> **GIVEN RECORDS**
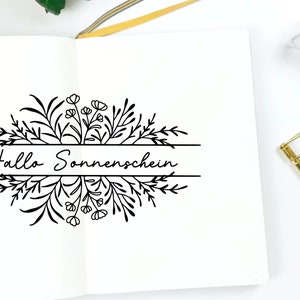 May include: A black and white illustration of a floral wreath with the text "Hallo Sonnenschein" in the center.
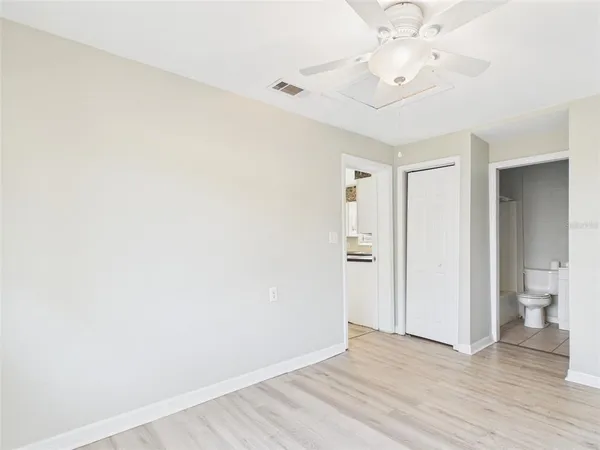 an empty room with a window and a fan
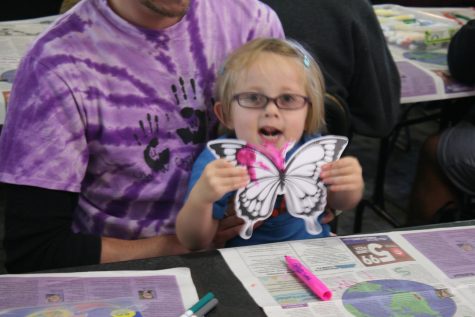 Avery Schultz-Majkrzak, 4, holds up a craft in the shape of a butterfly that she made Monday. She attended the Butterfly Project, an arts and crafts event that was a part of UW-Whitewater’s Diversity Week.
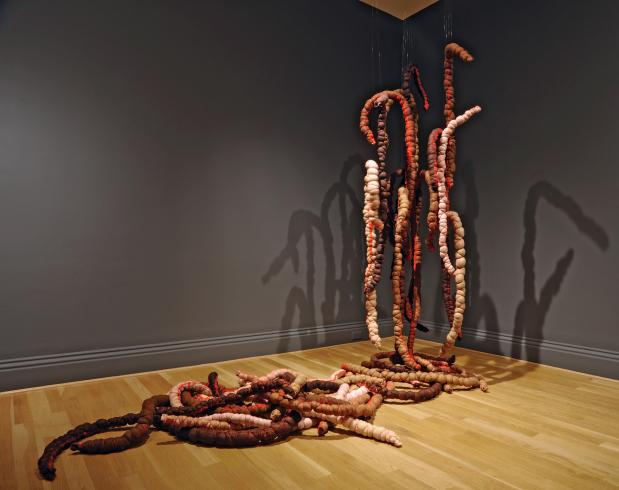 Abstract sculpture of pink and red strands made with fiber hanging from the ceiling and on the floor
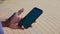 Afro-american man finger touches smartphone display with chroma key green screen
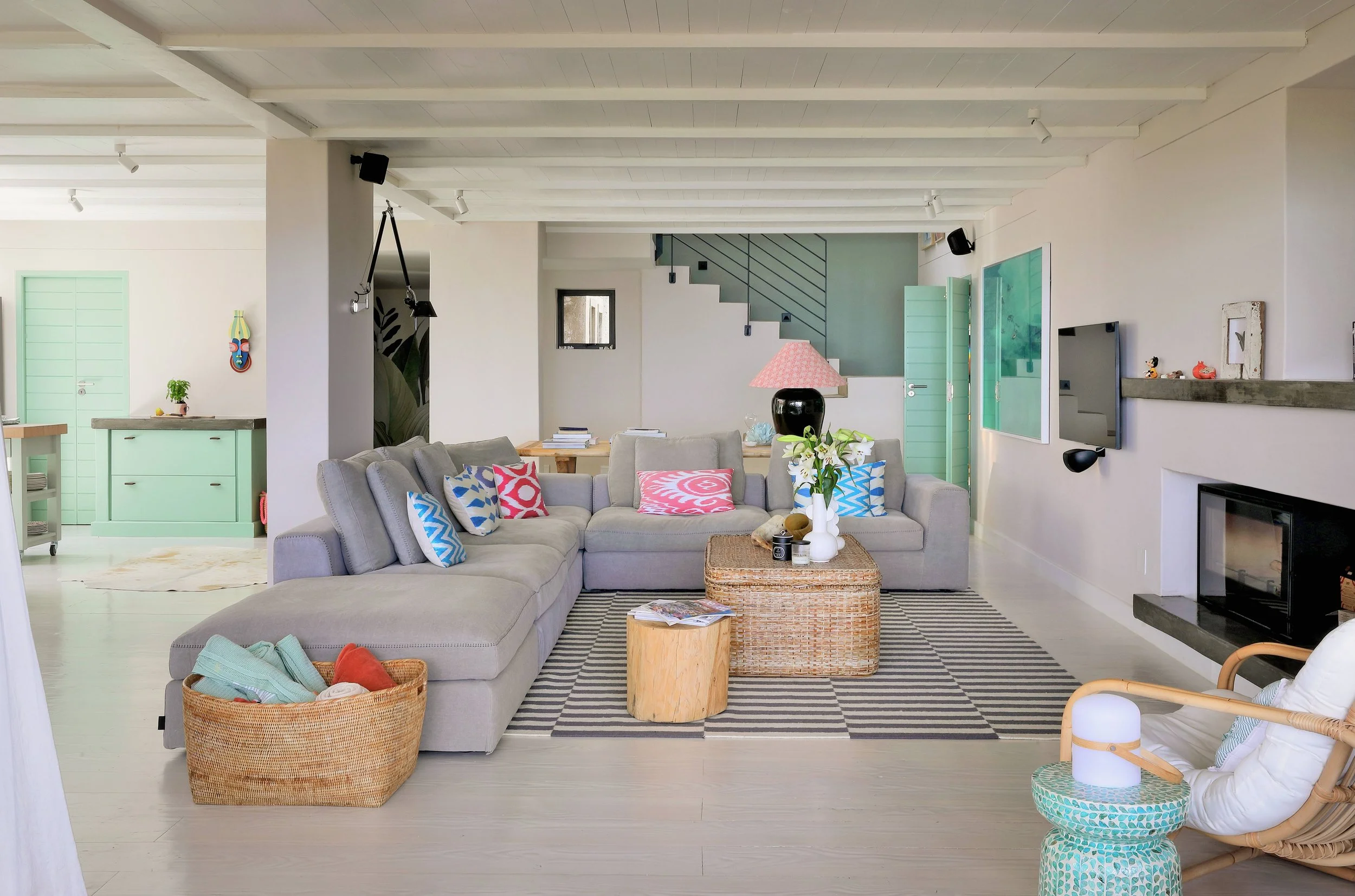 Bright coastal living room with natural cane and seagrass textures, Llandudno Cape Town holiday home interior design by Anja Lehne | Fabliving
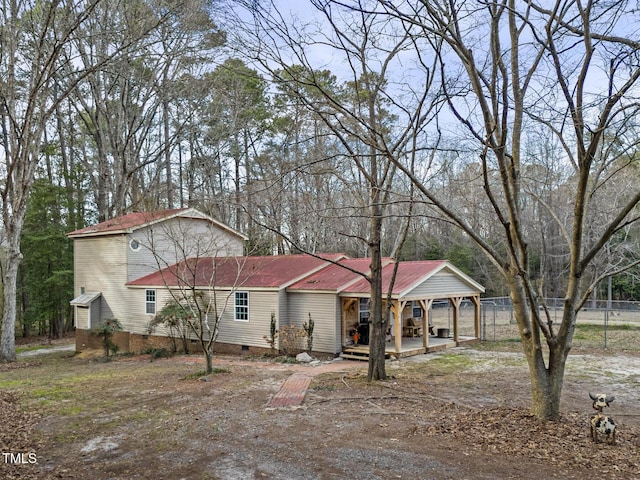 view of front of house with fence and crawl space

> **WHAT TO WORK ON**
Take the line with "Avery Schultz-Majkrzak, 4, holds" and each line after it through the end of the material above, and reproduce them exactly, without the pictures.

> **COMPLETED TASK**
 Avery Schultz-Majkrzak, 4, holds up a craft in the shape of a butterfly that she made Monday. She attended the Butterfly Project, an arts and crafts event that was a part of UW-Whitewater’s Diversity Week.
 Abstract sculpture of pink and red strands made with fiber hanging from the ceiling and on the floor
 Afro-american man finger touches smartphone display with chroma key green screen
 Bright coastal living room with natural cane and seagrass textures, Llandudno Cape Town holiday home interior design by Anja Lehne | Fabliving
 view of front of house with fence and crawl space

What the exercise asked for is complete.